Dieta de eliminação empírica
A
eliminação empírica dos principais alergenos da dieta sem a necessidade de se
realizar quaisquer testes laboratoriais, tais como o prick test, patch test ou
mesmo a determinação da IgE sérica específica contra determinados alergenos,
representa outra estratégia de tratamento dietético. Kagalwalla e cols. (2011) realizaram
estudo retrospectivo em crianças baseado na dieta de eliminação empírica de 6
alimentos, a saber: leite e derivados, soja, ovo, trigo, peixe e frutos do mar,
e os frutos oleaginosos. Os autores relataram remissão histológica em 74% dos
casos. Durante a investigação os autores encontraram, por meio de um processo
de reintrodução sequencial dos alimentos acompanhados de repetidos estudos da
histologia esofágica após cada introdução de um determinado alimento, a
recidiva das lesões nos seguintes percentuais, a saber: leite 74%, trigo 26%,
ovo 17%, soja 10% e amendoim 6%.
Dieta de eliminação baseada em teste
dirigido
A
dieta de eliminação baseada em teste dirigido é guiada por uma combinação de
resultados advindos dos skin prick test,
patch test e IgE específico contra
determinados alergenos. É importante enfatizar que ainda que estes testes
resultem positivos não são suficientes para caracterizar o diagnóstico dos
alimentos que deflagram a EEo.
Uma
importante ressalva deve ser feita com relação aos testes de atopia alimentar,
pois estes testes não foram padronizados e nem tampouco validados em pacientes
com EEo, fato este que requer investigações futuras. Deve-se salientar que a
ocorrência de testes positivos não significa necessariamente que estes
possíveis alimentos com positividade sejam os responsáveis pela deflagração da
EEo. Além disso, Van Rhijn e cols. não encontraram uma associação entre
determinados alimentos identificados por estes testes e a exacerbação da
enfermidade. Por esta razão o único caminho de certeza para se saber que um
determinado alimento é um fator desencadeante da EEo é por meio da remissão dos
sintomas e da normalização histológica do esôfago quando este alimento suspeito
é retirado da dieta, seguido de recidiva dos sintomas e das alterações
histológicas quando este mesmo alimento é reintroduzido na dieta.
Entretanto,
tanto a utilização da dieta empírica de eliminação dos alimentos quanto a dieta
de eliminação baseada em teste dirigido apresentam uma vantagem sobre o uso da DE
pois ao se eliminar os alimentos específicos que provocam os sintomas,
possibilita-se que todos os outros alimentos não causadores das lesões
esofágicas sejam oferecidos aos pacientes.

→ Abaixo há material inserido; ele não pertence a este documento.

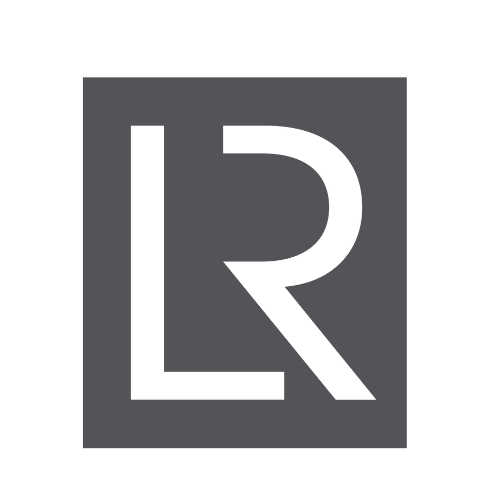 LR logo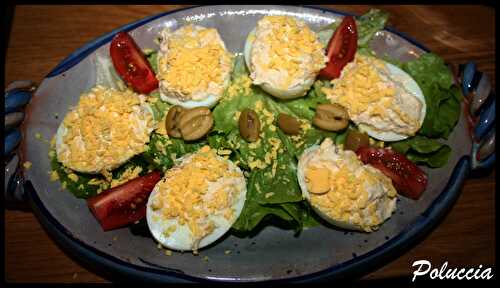 Oeufs Mimosa Crevettes & Mascarpone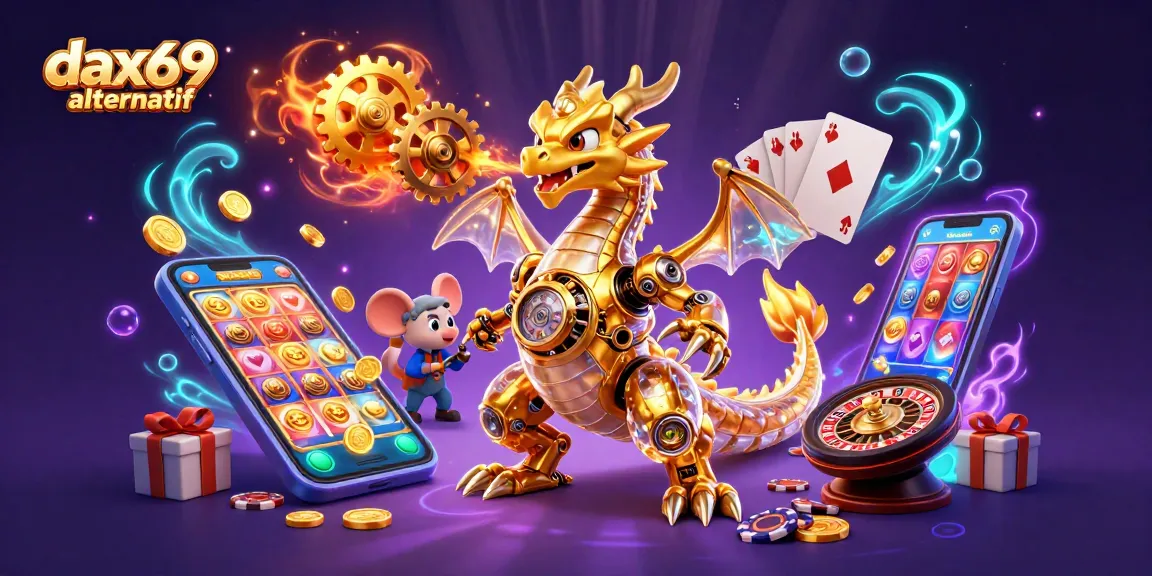 Menangkan permainan di dax69 alternatif dengan slot dan coin berkilau dari dragon ajaib.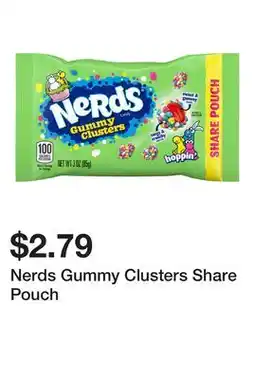 Wegmans Nerds Gummy Clusters Share Pouch offer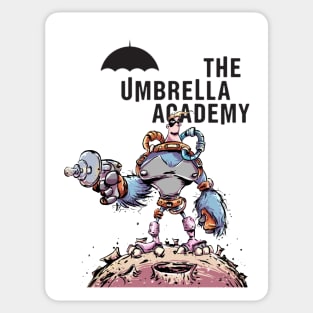 SPACE BOY - THE UMBRELLA ACADEMY Sticker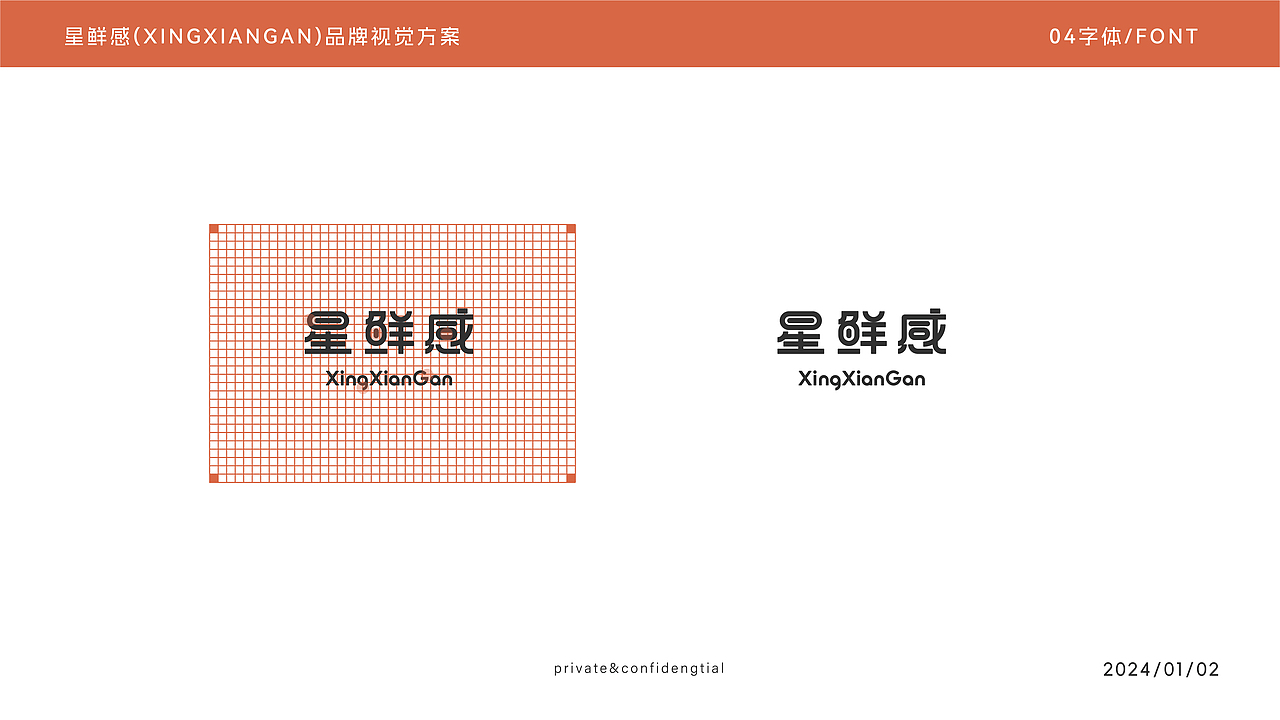 《星鲜感》品牌视觉
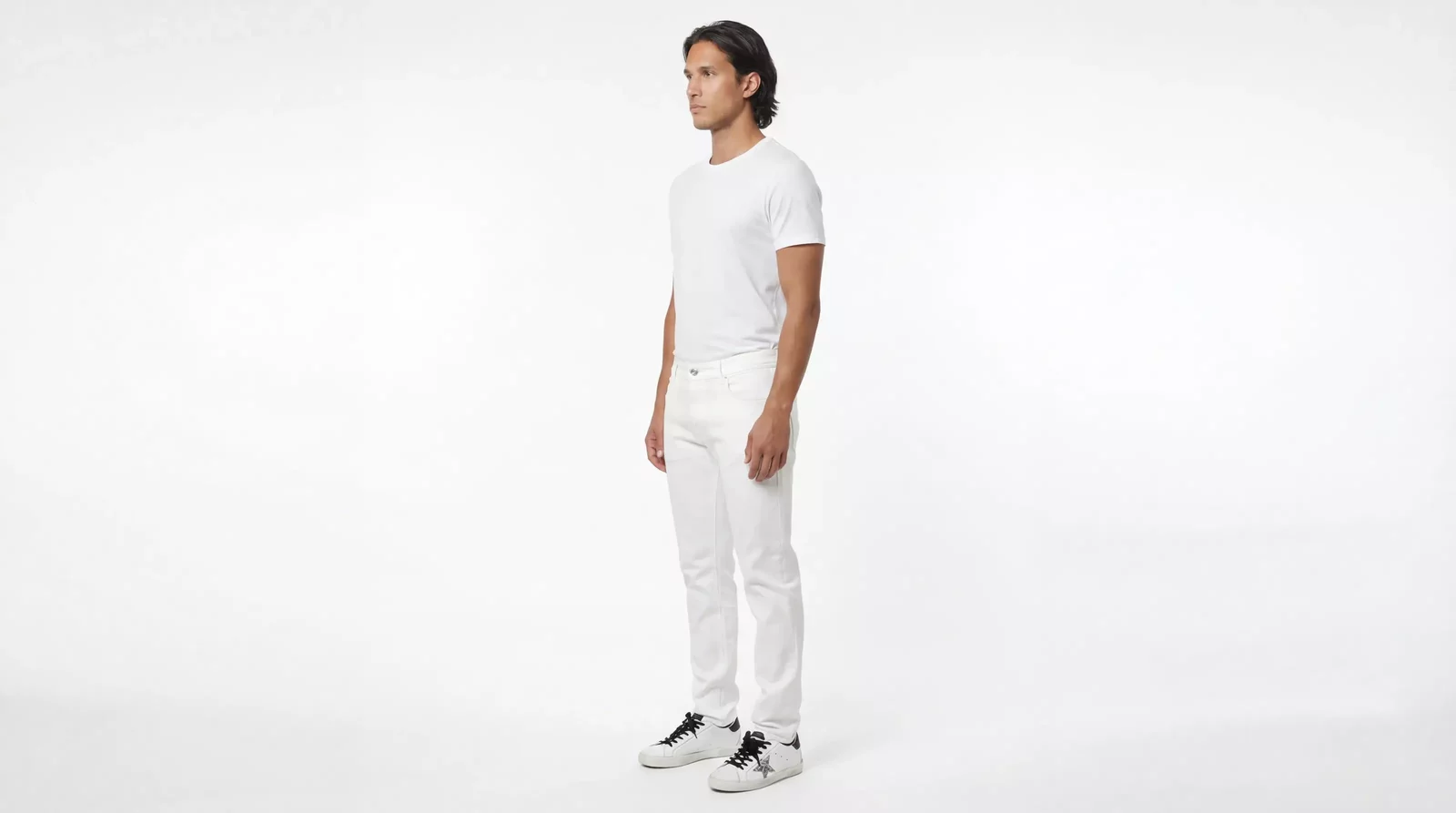 Straight Leg Jeans - Multicolor / IT48 | M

Desafios da terapia de eliminação dos
alimentos
Qualquer
que seja a escolha da dieta de eliminação, a terapia dietética requer uma
rigorosa vigilância posto que os pacientes com EEo podem se encontrar em alto
risco nutricional, tanto antes de se iniciar a terapia dietética quanto após a
subsequente remoção dos múltiplos alimentos da dieta. Mukkada e cols. avaliaram
200 crianças com idade média de 34 meses (variação de 14 a 113 meses) com EEo e
encontraram que 16,5% deles apresentavam transtornos alimentares importantes,
incluindo recusa alimentar, baixa ingestão de variedade e volume, pouca
aceitação de novos alimentos, rechaço dos alimentos e padrões inconsistentes de
alimentação.
Por
outro lado, em adultos os sintomas mais frequentes dizem respeito à dificuldade
para ingerir alimentos sólidos, sendo o principal deles a impactação esofágica
o que obriga a retirada endoscópica do alimento impactado, complicação que pode
ocorrer em até 50% dos pacientes. Outros sintomas menos frequentes que
dificultam a ingestão alimentar devem-se a queixas, tais como, dor torácica
retro- esternal, queimação torácica e dor abdominal.